Figure 2: Drawing of a beam supported on blocks:
(A) unloaded and (B) loaded. (Courtesy of Gary T. Fry.)

Figure 2 (above) shows drawings of a beam that is supported by blocks at each end. In Figure 2-A, the beam is not loaded. In Figure 2-B, the beam bends under a load applied at its center, and its supports also deform. The bend in the beam and deformation of its supports are measurable on a global scale. The stiffness of a structure is a measure of the amount of load that is required to cause a certain amount of displacement. A structure with a high level of stiffness will deform less than a structure with a lower level of stiffness.

Figure 3: A pencil balanced on its end is stable mathematically, but from an engineering design point of view, it is unstable.
 (Courtesy of Gary T. Fry.)

Last but certainly not least, we consider the third S: Stability. The photograph in Figure 3 (left) shows a pencil balanced on its end. The pencil can be proved mathematically to be stable. Most of us, however, would consider the stability of the pencil to be precarious because we imagine it wouldn’t take much effort to cause the pencil to fall over—a draft in the air or a slight bump to the table. 

Strict mathematical stability like this is often the sort of thing that we enjoy as entertainment in circus acts—like plates spinning on the ends of slender rods.

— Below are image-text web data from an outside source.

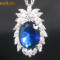 LIVRARE GRATUITA !!! - ABSOLUT SUPERB !!! -Pandantiv Blue Sapphire, 18k gold plated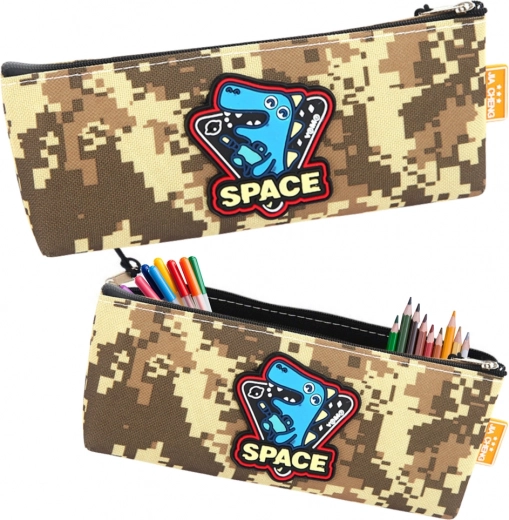 Kosmische dinosaurus etui khaki 20x8 cm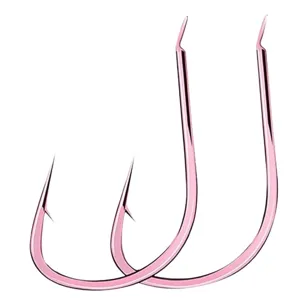 Pink Izu fishing hooks with barbs, sharp curved hooks for freshwater fishing tackle.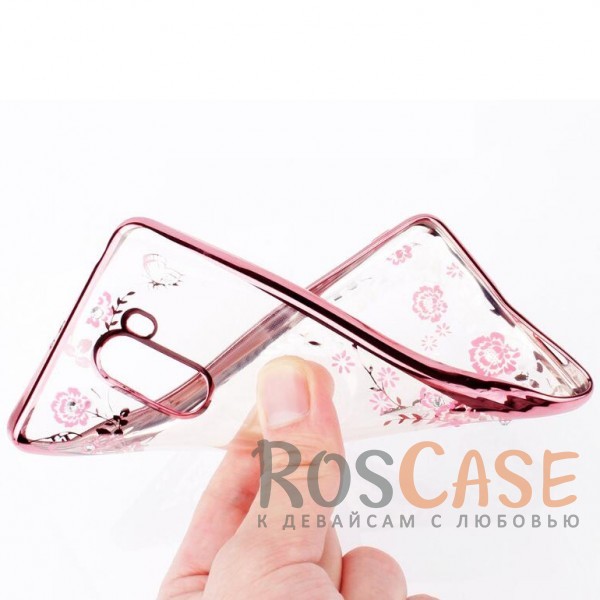 Изображение Розовый золотой/Розовые цветы Прозрачный чехол со стразами для Xiaomi Redmi 4 с глянцевым бампером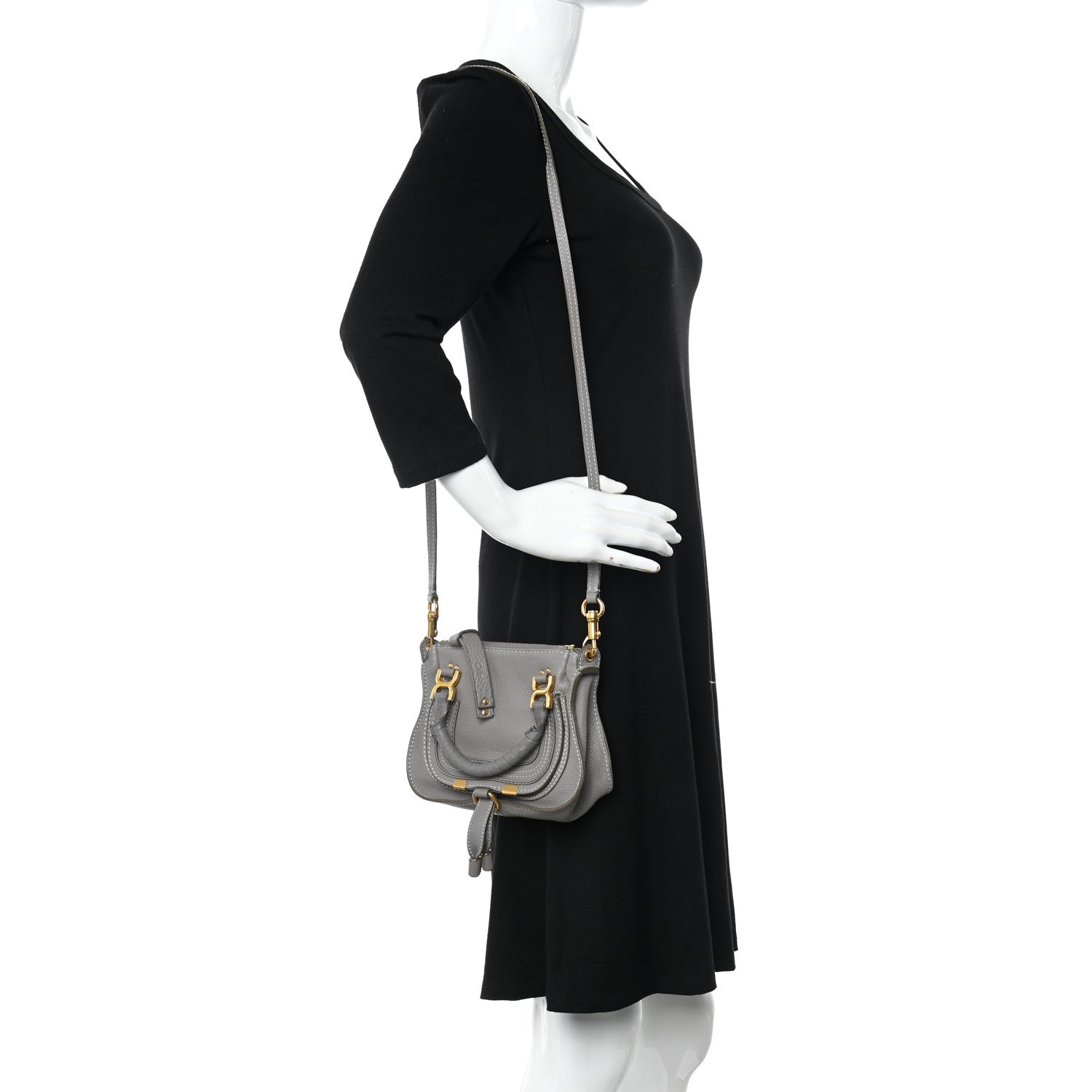 Chloe Calfskin Mini Marcie Satchel Cashmere Grey 2 of 13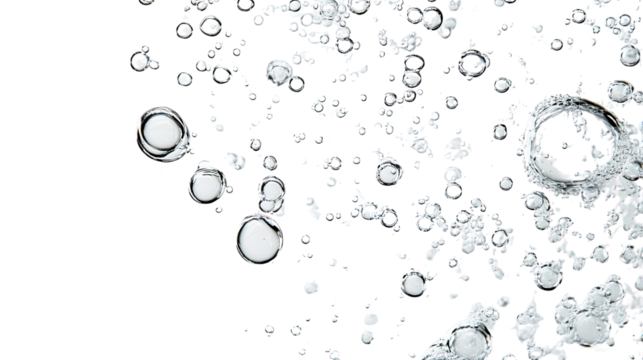 Water bubbles on a white transparent background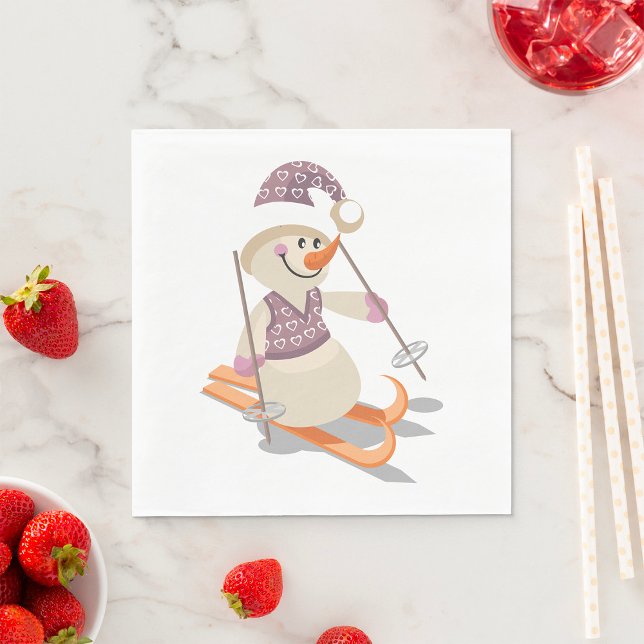 Snowman Skiing Serviette (Von Creator hochgeladen)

We observe that the plates aren’t falling on the ground, but we anticipate that to be the natural outcome. We sense the plates remaining perched on the rods as an unnatural state.

Now, let’s consider stability not in a strict mathematical context, but in the context of a railway bridge. Design teams must develop an arrangement of connected structural members and bridge supports whose natural state is to remain solidly in that configuration, even when significant loads are applied to the structure. That is, the structure does not have any precariously balanced features analogous to the pencil in Figure 3.

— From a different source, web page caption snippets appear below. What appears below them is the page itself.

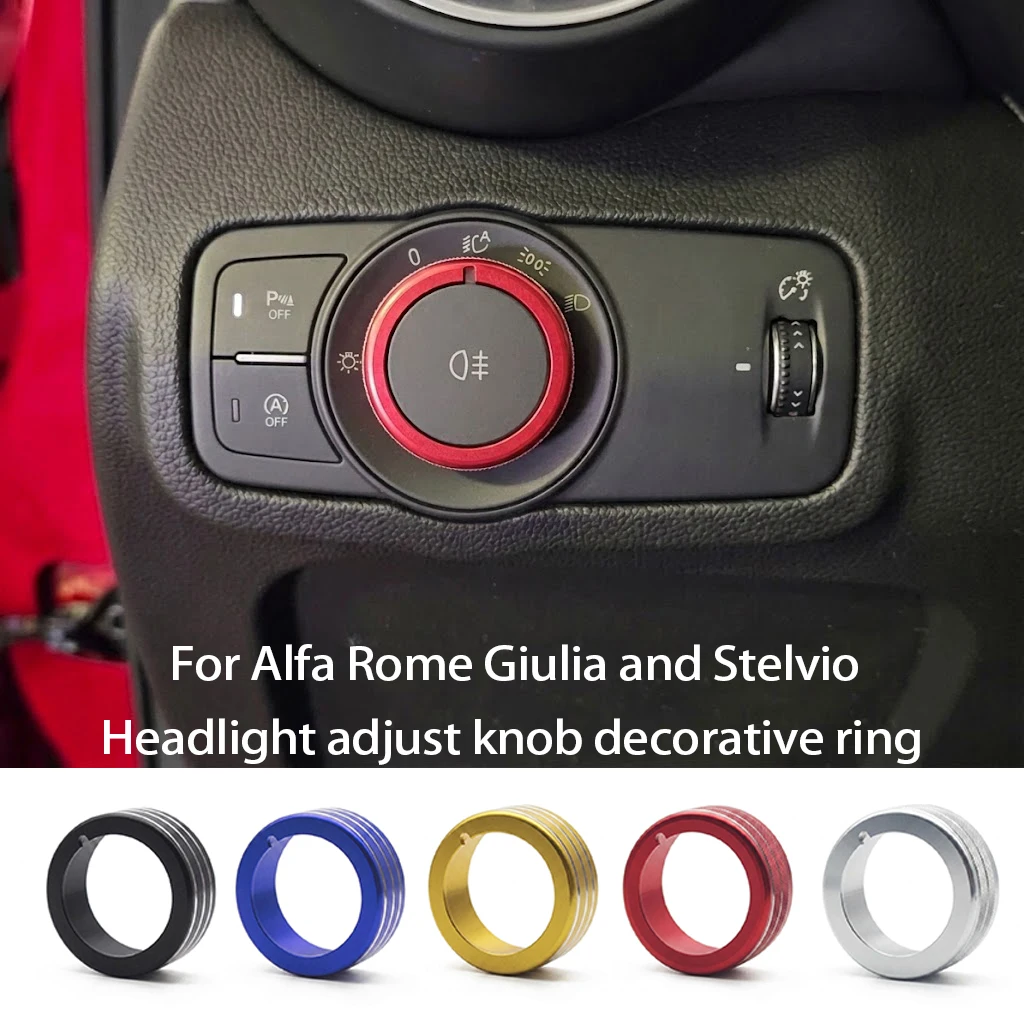 For Alfa Romeo Giulia Stelvio Headlight Adjust Knob Decorative Ring Metal Trim Cover Car Interior Accessories Modified Supplies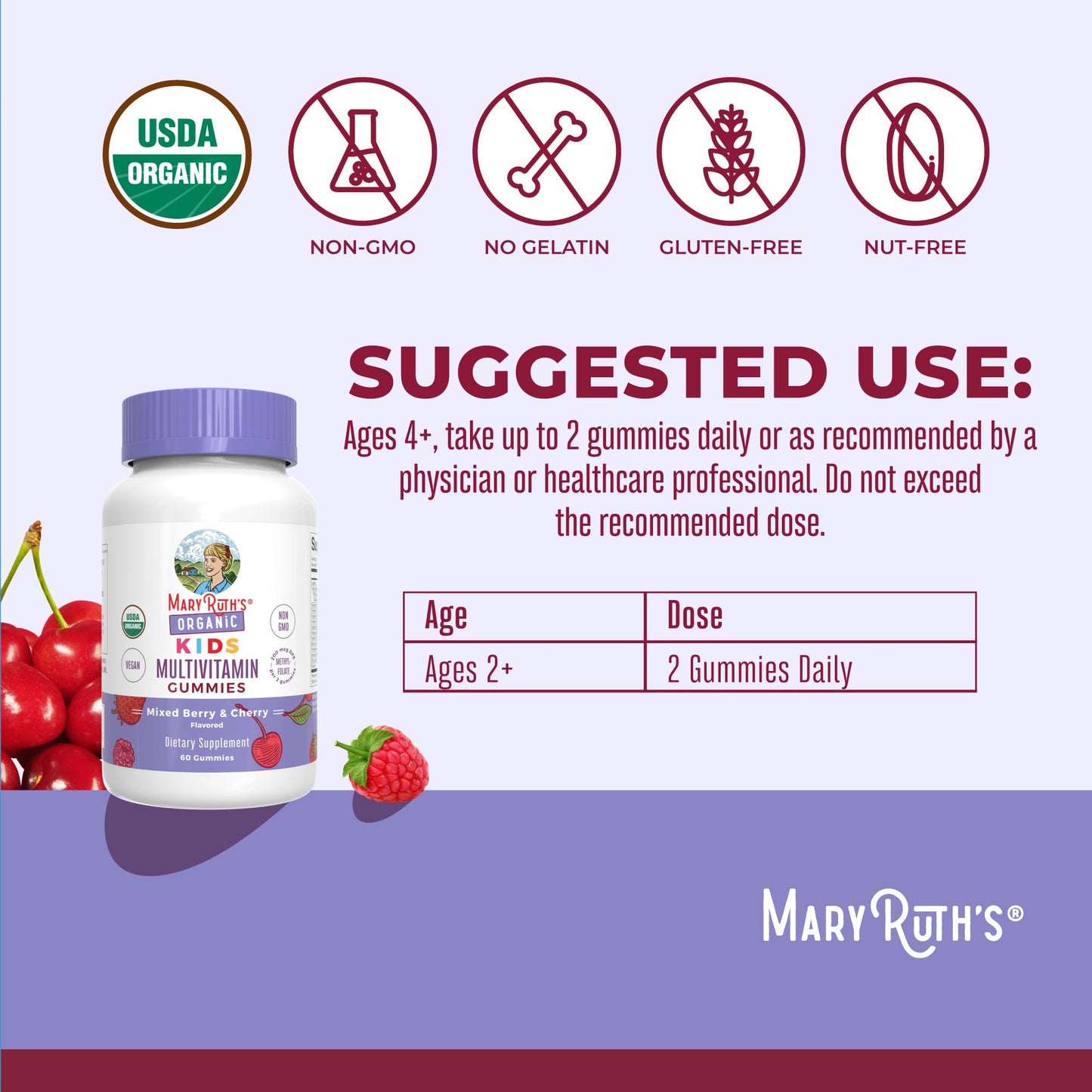 Gomitas multivitamínicas frambuesa y cereza para niños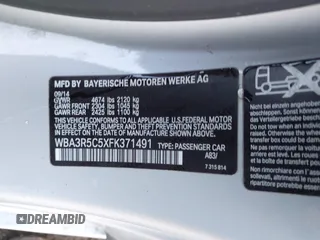 2015 BMW 4 Series 435i xDrive z VIN WBA3R5C5XFK371491, wystawiony jako IAAI lot #40755251 z przebiegiem 122 181 mil mil oraz . Historia ofert i sprzedaży dostępna na DreamBid. Obrazek 9.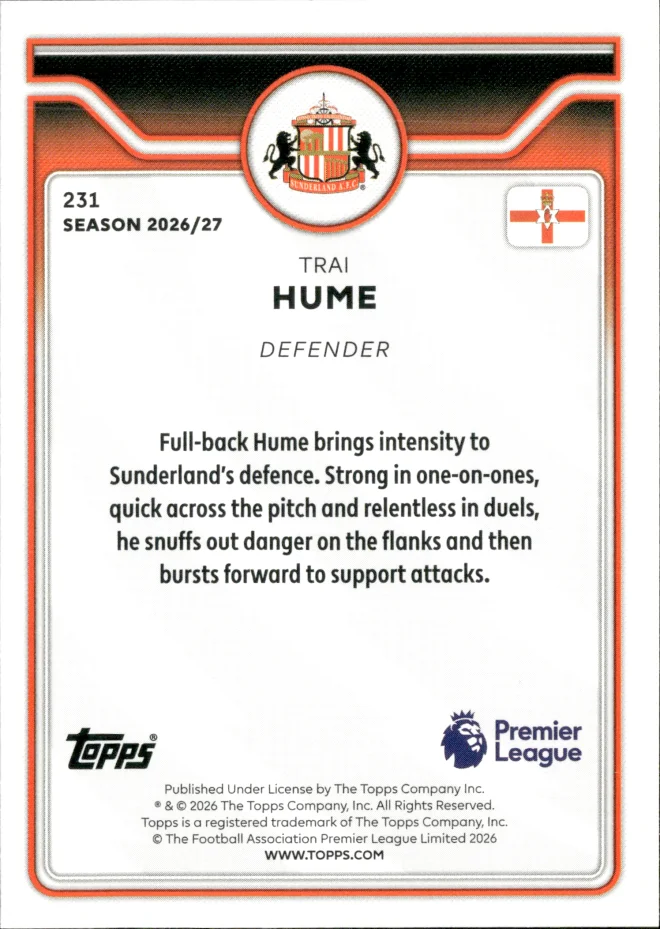 Trai Hume card back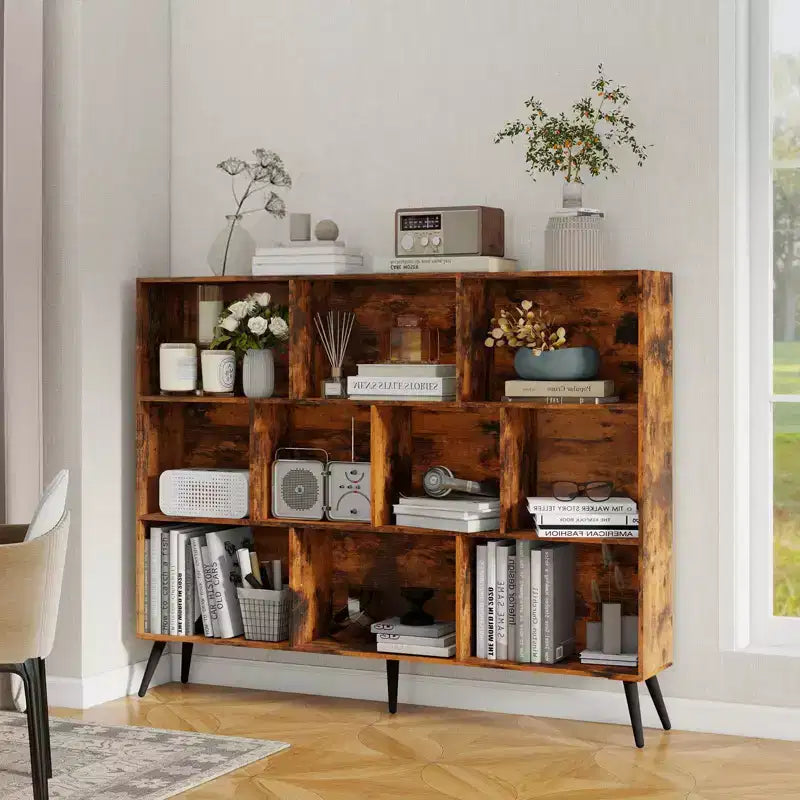 Estantería, librería de madera natural de mediados de siglo de 3 niveles y 10 cubos con patas, organizador de almacenamiento abierto independiente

Ensuring that this is the case often involves applying various combinations of simulated loads within a mathematical model of the structure as it exists in service. Such models have the capability of estimating the deformation of the structure under the actions of the loads. In simple terms, a structure is stable when specified patterns of loads with specified magnitudes cause deformations in the structure that are acceptably small. Referring to our previous description of stiffness, we see that there is a relationship between structural stiffness and structural stability. A structure must possess at least some minimum level of stiffness under all specified load patterns to be acceptably stable.

Despite a 200-year history, railway bridges continue to present design teams with ceaselessly fascinating challenges. At the beginning, the challenges were to discover basic solutions for effective railway bridge designs without the benefit of precedent. Today, the most significant challenges are to discover strategies that enhance the performance, efficiency and longevity of new bridges using lessons learned from their ancestors. 

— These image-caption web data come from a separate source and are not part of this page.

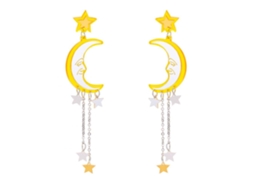 Brincos De Ouro Estrela Lua Acessório Decorativo Feminino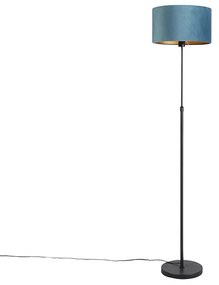 Lampă de podea neagră cu nuanță de velur albastru cu auriu 35 cm - Parte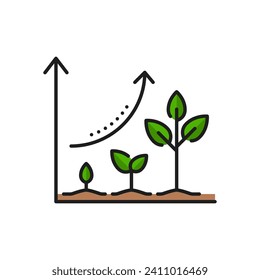 Agriculture sprout leaves, agronomy green plant seed, horticulture seedling thin line icon. Agronomy seedling cultivation, farming harvest line vector icon with plant growth in soil infographics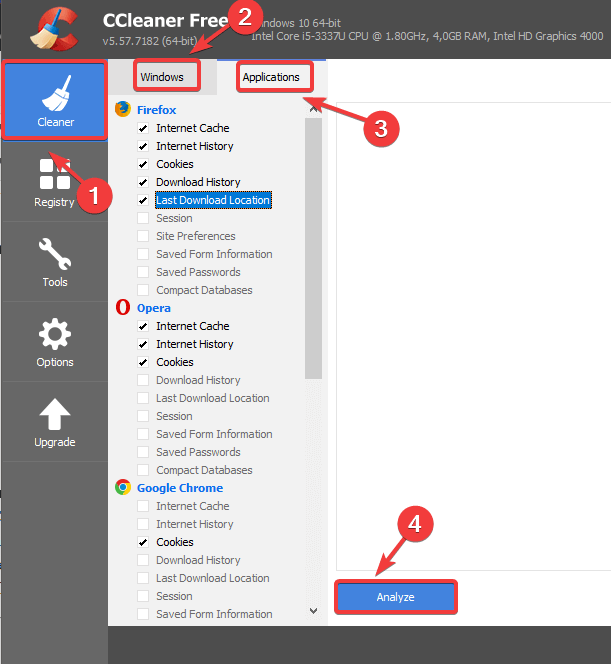 Ccleaner analyze option - Silhouette running slow
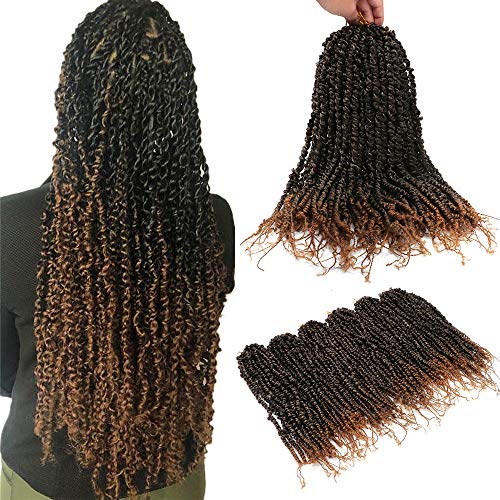 6 Packs Passion Twist Hair Bomb Twist Pre-Twisted Crochet Hair for Women Pre-looped Crochet Braids Hair Extension Synthetic Afro Kinky Spring Twist Ombre Braiding Hair (20Inch,1B/27#)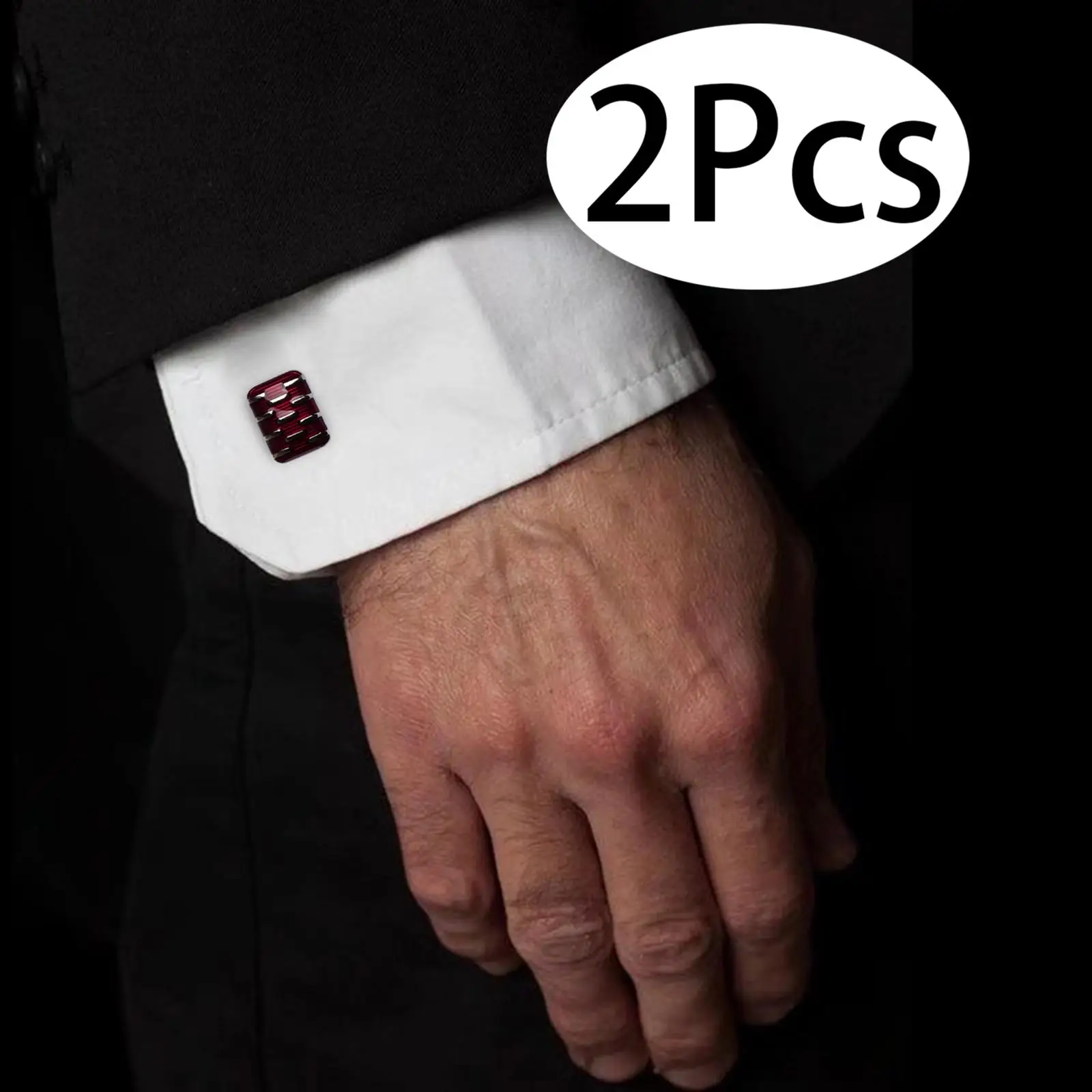 2Pcs Dark Red Men Cufflinks Cuff Links for French Cuff Shirt Valentines Day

Gary T. Fry, Vice President of Fry Technical Services, Inc

Dr. Fry is Vice President of Fry Technical Services, Inc. He has 30 years of experience in research and consulting on the fatigue and fracture behavior of structural metals and weldments. His research results have been incorporated into international codes of practice used in the design of structural components and systems including structural welds, railway and highway bridges, and high-rise commercial buildings in seismic risk zones. He has extensive experience performing in-situ testing of railway bridges under live loading of trains, including high-speed passenger trains and heavy-axle-load freight trains. His research, publication, and consulting have advanced the state of the art in structural health monitoring and structural impairment detection.